Question form Eagles in NC: Any thoughts on acquiring DeSean Jackson as opposed to the younger John Brown? Did compensatory picks play a role?
The comparison of Jackson and Brown is interesting because they both signed three-year deals worth $27 million (though they are structured differently).
On the field, both players possess outstanding speed, but Jackson's career has been far superior. He is perhaps the most prolific deep threat in the history of the NFL. And really, no matter how you slice Jackson's and Brown's numbers – last year, last two years, last three years, last four years, overall career, whatever – Jackson’s are better.

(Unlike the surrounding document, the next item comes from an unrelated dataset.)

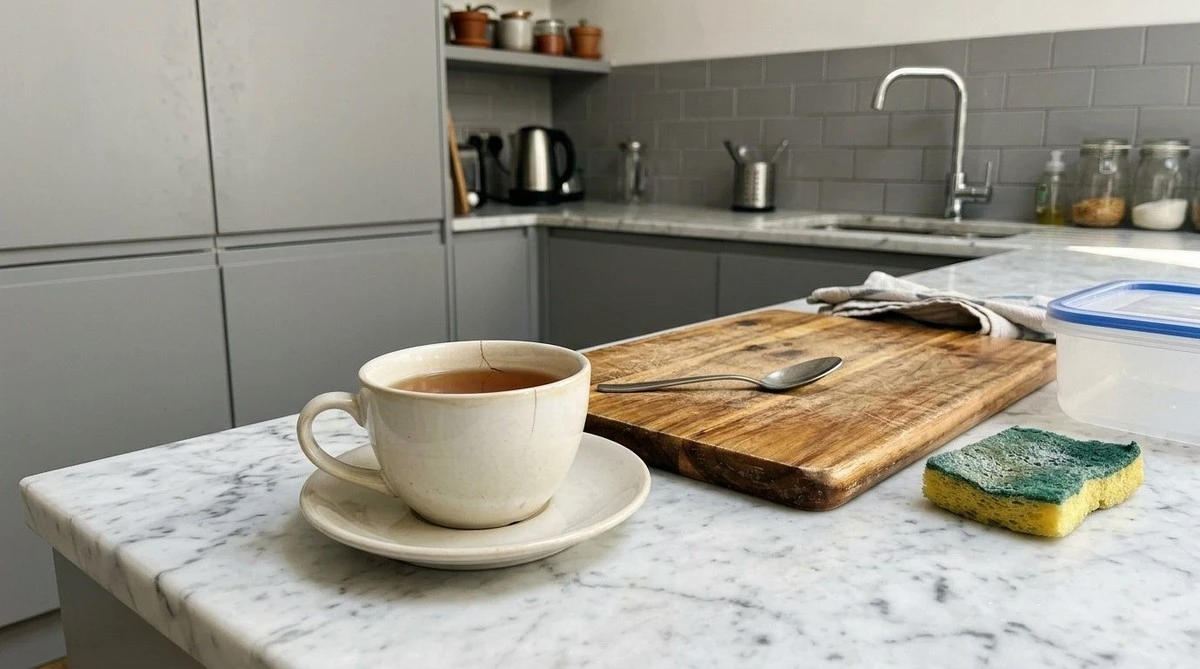 10 věcí, které na kuchyňské lince prozradí, že je čas na úklid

|Jackson vs. Brown||DeSean Jackson||John Brown|
|Last 2 years||91-1,442-7||63-1,014-8|
|Last 3 years||147-2,447-11||102-1,531-10|
|Last 4 years||177-2,975-15||167-2,534-17|
|Last 5 years||233-4,144-21||215-3,230-22|
In 2018, Jackson played 12 games. Had he played in all 16, he was on pace for 1,032 yards. If you'd like to make the argument that he's prone to missing a few games each season, that's fair, but it's also (somewhat) true of Brown.

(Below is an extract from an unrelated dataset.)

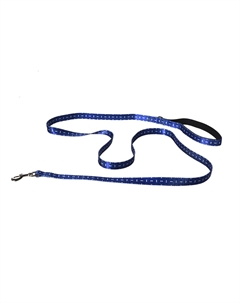 Поводок для собак Bones 1,9х200см синий Foxie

As for age, Jackson will turn 32. He'll turn 33 in December. Brown is 28, but will turn 29 in a couple weeks. Brown is roughly 3.5 years younger. It's not as if he is some sort of up-and-comer with an untapped ceiling. He's a year and a couple weeks from turning 30.
So the question then becomes, will Jackson's skills suddenly fall off a cliff over the next, oh, let's say two years? If you think the answer is yes, then perhaps Brown would have been the better signing. If you think Jackson still has wheels (as he showed in 2018), then I'll take the better player, which is very clearly Jackson.
In the Eagles' offense, what they lacked most last season was a player who could stretch the field. Over Brown's five year career, he has 13 receptions of 40-plus yards. Jackson has more than double that (28) over that same span, and an absurd 63 for his career.
While Brown is fast, he doesn't have the same clout as Jackson, who will strike fear into opposing defenses. The mere presence of Jackson will force opposing safeties to keep a watchful eye on getting beaten over the top. That didn't exist in 2018, and it showed. With Jackson on the field, watch as the short to intermediate areas of the field open up for guys like Alshon Jeffery and Zach Ertz.
To your last point about compensatory picks, the Eagles traded almost nothing to acquire Jackson. Had they signed Brown, he would have canceled out one of the fourth-round picks the Eagles are projected to receive for the losses of Jordan Hicks or Golden Tate. I think the Eagles aggressively pursued Jackson because he was the best deep threat available. The comp pick angle is just an added bonus.
Question from Turd Ferguson: How would you rank the teams in the division going into the draft?
Question from DB: Do you think Timmy Jernigan comes back? Seems like there’s no market, given his injury. He might excel in a rotational role.
When free agency began, I was curious to see how much interest Jernigan would receive. So far, I haven't seen any reported interest from any other teams around the league.
After a mysterious offseason injury, Jernigan missed the first 10 games in 2018, came back for one game, re-aggravated his back, missed three more games, and returned in a limited role for the stretch run. His snap counts, via Football Outsiders:
|Week 12 - Giants||19|
|Week 13 - Washington||0|
|Week 14 - Cowboys||0|
|Week 15 - Rams||0|
|Week 16 - Texans||17|
|Week 17 - Washington||9|
|Wildcard round - Bears||22|
|Divisional round - Saints||36|
To begin, both Jernigan and the Eagles opted not to be forthcoming about how Jernigan injured his back in the first place. Teams around the league will surely want to know what happened before they pay him millions, so it's possible the circumstances of his injury raised red flags.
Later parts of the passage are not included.